The other practitioners complained to Dr. Holmes that her grammar and speech were bad, and that this reflected on the Institute. They urged him to remove her from her lecture time. Ernest in his wisdom said, “When you attract as many people, and heal as many, as she does, then I’ll dismiss her.”
He spoke to me of studying the writings of a medical doctor in England or upstate New York, who was fifty years before his time. Several months ago the writings of a Dr. J. H. Dewey of Buffalo, New York, 1888, came into my possession. On the assumption this is whom he suggested to me, I am including from Dr. Dewey’s text the following writing.

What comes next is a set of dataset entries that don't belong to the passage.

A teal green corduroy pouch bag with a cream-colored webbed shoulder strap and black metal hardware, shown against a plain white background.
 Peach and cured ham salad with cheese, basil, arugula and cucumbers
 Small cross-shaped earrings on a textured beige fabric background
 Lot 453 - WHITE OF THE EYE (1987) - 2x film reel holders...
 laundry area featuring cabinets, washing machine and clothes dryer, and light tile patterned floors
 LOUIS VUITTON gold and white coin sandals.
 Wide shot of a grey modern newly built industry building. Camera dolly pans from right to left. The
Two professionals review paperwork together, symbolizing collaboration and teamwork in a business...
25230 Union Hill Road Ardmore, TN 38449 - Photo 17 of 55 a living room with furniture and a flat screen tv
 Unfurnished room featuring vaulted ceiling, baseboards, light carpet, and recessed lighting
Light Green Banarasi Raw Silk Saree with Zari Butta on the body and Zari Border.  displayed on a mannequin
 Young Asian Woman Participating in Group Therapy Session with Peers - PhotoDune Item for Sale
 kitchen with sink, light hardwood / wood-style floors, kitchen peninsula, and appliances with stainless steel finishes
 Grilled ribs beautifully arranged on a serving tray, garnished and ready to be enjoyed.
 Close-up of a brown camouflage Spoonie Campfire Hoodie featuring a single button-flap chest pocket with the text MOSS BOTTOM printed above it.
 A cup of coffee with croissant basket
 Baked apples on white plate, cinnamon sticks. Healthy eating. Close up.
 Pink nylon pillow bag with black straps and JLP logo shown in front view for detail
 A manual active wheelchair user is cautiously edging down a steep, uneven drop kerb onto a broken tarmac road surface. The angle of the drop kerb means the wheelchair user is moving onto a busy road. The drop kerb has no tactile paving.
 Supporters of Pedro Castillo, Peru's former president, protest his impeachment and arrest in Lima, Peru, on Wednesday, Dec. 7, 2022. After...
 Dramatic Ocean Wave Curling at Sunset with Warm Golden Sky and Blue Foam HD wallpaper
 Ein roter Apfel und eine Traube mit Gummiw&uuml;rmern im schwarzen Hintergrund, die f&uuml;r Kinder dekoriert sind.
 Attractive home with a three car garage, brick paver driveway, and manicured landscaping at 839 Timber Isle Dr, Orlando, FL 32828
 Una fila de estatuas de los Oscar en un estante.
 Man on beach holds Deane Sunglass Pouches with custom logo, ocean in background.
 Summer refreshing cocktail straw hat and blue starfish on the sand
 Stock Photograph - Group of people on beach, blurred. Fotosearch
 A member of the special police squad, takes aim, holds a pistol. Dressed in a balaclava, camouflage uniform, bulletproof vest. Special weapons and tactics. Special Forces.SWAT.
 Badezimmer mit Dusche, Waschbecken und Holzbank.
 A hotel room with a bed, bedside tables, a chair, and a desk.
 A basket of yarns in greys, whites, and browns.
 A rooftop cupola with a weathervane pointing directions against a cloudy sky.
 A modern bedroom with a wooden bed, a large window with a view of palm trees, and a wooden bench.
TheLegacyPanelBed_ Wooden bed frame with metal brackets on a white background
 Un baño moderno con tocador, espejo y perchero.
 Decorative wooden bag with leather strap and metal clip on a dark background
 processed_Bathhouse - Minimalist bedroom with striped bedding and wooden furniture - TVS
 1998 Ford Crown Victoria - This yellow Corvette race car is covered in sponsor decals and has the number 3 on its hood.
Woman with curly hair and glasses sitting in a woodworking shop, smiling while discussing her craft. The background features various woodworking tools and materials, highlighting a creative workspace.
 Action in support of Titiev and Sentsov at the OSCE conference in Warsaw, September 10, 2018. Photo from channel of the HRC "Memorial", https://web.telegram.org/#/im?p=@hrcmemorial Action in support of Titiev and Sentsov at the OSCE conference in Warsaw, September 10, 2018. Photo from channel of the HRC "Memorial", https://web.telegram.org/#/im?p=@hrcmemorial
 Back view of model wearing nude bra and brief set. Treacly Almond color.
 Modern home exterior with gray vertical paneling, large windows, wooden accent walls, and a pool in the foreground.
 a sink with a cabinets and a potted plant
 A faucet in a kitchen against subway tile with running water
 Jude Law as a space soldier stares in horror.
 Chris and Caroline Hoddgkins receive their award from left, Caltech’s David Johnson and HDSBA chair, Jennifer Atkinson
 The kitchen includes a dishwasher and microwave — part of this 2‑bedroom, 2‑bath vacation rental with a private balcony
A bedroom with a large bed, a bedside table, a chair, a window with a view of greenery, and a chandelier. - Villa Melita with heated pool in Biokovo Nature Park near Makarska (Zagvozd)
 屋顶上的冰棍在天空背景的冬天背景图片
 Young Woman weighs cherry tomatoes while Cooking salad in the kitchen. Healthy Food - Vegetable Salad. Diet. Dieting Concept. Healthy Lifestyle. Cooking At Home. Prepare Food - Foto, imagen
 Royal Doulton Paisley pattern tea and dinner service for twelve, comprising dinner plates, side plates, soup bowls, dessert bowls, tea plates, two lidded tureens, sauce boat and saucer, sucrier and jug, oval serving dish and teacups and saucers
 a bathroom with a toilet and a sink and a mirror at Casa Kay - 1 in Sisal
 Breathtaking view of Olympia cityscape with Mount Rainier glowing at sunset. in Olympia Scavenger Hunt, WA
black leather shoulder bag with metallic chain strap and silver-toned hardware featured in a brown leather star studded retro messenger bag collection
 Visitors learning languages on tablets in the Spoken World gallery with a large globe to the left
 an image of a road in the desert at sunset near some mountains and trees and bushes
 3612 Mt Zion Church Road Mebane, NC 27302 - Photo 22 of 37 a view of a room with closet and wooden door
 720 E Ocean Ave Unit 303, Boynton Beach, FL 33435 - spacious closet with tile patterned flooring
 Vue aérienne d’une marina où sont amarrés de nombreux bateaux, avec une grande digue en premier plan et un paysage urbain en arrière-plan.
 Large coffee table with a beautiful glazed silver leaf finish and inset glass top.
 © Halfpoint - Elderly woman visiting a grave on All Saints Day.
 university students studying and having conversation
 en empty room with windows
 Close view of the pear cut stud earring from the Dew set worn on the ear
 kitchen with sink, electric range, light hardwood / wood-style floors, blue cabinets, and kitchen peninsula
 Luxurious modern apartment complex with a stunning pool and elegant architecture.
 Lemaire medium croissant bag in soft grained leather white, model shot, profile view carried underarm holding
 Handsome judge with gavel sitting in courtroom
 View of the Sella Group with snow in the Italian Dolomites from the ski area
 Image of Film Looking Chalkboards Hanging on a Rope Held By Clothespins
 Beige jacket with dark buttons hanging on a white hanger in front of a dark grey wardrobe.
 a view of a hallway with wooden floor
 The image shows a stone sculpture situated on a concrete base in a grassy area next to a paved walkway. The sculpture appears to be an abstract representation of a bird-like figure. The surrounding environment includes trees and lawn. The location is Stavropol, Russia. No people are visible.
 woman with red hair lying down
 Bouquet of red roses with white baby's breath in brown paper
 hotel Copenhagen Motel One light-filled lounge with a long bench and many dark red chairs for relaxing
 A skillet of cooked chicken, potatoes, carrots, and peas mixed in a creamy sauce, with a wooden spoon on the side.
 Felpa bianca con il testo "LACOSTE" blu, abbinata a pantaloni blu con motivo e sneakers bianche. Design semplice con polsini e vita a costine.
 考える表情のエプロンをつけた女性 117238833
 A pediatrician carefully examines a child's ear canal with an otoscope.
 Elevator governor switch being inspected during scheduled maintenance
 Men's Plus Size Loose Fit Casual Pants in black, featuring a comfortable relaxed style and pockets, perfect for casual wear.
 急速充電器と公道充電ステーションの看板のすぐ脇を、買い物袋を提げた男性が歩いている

That all manner of disease and all manner of sickness, even in their apparently most hopeless forms and phases, were healed by a purely mental or spiritual influence or action, under the ministry of Christ and his Apostles, is believed by thousands. According to the record, these experiences of healing were not exceptional but were a matter of common and daily occurrence. In the majority, if not all cases, the restoration was immediate; not progressive or gradual.